%%

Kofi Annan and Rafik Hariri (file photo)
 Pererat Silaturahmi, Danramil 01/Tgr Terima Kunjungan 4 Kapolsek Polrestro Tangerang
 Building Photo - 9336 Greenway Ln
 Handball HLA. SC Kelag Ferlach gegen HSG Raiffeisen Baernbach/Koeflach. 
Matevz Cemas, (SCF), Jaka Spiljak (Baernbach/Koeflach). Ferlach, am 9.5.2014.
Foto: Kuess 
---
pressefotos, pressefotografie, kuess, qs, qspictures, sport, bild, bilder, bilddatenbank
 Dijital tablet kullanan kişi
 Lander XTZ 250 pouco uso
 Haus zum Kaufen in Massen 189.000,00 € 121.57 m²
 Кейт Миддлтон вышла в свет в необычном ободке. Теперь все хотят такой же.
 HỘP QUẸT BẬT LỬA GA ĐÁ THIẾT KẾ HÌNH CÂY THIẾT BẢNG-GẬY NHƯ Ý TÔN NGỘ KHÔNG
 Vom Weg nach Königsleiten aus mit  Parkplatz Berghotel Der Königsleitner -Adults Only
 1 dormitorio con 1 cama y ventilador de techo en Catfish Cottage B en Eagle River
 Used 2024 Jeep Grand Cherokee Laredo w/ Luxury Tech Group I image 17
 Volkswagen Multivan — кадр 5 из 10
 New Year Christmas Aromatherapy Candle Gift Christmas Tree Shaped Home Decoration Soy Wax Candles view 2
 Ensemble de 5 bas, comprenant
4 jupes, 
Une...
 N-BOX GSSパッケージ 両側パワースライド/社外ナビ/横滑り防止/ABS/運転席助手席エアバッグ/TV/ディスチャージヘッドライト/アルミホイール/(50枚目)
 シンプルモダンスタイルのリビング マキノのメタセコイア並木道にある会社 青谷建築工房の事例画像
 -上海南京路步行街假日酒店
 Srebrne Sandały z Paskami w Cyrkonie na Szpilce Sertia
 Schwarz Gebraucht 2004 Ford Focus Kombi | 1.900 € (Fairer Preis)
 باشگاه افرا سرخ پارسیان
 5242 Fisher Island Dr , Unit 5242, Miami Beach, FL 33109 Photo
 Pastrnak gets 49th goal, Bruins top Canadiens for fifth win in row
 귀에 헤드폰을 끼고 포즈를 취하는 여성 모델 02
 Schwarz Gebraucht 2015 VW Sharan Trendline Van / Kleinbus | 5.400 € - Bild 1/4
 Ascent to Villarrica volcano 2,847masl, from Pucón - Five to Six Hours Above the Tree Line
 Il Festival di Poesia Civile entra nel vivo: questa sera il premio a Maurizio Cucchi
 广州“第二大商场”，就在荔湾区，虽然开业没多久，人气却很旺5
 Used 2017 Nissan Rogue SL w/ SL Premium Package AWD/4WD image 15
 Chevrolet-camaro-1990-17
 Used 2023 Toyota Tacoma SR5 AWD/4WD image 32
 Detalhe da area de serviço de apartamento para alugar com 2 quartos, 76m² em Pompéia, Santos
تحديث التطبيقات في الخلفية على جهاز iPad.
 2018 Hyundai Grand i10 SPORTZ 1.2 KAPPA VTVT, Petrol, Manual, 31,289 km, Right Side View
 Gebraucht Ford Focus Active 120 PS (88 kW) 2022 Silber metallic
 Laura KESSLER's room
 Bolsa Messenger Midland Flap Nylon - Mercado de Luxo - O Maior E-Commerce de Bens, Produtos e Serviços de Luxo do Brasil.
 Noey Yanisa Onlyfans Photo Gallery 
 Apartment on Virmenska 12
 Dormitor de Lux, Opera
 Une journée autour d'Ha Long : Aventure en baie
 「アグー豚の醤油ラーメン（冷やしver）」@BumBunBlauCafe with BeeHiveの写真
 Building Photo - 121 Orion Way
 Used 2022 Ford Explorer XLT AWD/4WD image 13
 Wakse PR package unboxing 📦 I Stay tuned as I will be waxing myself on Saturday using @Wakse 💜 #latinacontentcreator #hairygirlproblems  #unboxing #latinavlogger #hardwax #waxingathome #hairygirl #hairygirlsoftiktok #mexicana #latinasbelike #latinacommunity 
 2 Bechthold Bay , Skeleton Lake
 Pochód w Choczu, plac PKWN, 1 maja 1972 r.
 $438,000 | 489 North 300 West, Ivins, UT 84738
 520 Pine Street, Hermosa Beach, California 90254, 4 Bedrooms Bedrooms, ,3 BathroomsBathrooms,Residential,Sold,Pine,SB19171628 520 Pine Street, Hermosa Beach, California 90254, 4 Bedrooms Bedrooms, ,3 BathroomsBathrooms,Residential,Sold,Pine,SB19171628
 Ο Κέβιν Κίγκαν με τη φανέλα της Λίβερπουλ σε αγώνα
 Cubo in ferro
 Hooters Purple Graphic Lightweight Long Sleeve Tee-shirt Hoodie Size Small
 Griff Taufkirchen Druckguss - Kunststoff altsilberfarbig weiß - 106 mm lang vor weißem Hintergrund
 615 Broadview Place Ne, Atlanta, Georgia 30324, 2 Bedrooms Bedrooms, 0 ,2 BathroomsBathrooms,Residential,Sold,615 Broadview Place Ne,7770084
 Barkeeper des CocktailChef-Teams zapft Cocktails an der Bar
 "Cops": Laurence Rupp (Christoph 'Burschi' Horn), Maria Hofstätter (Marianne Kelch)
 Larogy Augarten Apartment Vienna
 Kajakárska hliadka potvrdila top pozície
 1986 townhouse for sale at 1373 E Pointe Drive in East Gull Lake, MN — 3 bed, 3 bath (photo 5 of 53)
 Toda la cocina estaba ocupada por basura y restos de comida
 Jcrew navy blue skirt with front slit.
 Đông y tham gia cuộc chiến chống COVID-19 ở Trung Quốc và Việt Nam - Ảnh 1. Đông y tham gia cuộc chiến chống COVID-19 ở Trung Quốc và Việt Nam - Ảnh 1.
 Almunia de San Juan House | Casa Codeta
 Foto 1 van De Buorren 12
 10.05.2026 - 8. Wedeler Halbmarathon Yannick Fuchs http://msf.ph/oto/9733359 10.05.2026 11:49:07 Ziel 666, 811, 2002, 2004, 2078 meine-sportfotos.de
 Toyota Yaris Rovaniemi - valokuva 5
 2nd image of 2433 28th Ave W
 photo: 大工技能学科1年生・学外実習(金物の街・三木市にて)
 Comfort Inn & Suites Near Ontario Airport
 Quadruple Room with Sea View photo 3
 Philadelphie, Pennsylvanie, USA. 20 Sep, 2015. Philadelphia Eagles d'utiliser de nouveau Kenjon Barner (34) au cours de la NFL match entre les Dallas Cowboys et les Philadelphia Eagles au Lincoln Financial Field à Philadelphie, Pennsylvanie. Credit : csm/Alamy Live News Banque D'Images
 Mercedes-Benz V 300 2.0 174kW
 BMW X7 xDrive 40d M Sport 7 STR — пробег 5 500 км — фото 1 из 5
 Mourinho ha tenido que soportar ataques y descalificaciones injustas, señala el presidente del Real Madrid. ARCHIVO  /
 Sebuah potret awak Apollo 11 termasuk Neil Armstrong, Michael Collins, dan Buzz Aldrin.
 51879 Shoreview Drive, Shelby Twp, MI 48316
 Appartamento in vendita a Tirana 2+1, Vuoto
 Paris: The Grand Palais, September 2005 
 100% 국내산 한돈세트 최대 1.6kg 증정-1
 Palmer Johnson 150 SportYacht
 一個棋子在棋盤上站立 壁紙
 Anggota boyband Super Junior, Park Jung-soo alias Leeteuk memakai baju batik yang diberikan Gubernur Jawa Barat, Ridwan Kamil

%%

* [Problem to solve] Working from the entries above, find every line in which the word "Building" occurs and copy it.

* [Output of the exercise]
 Building Photo - 9336 Greenway Ln
 Building Photo - 121 Orion Way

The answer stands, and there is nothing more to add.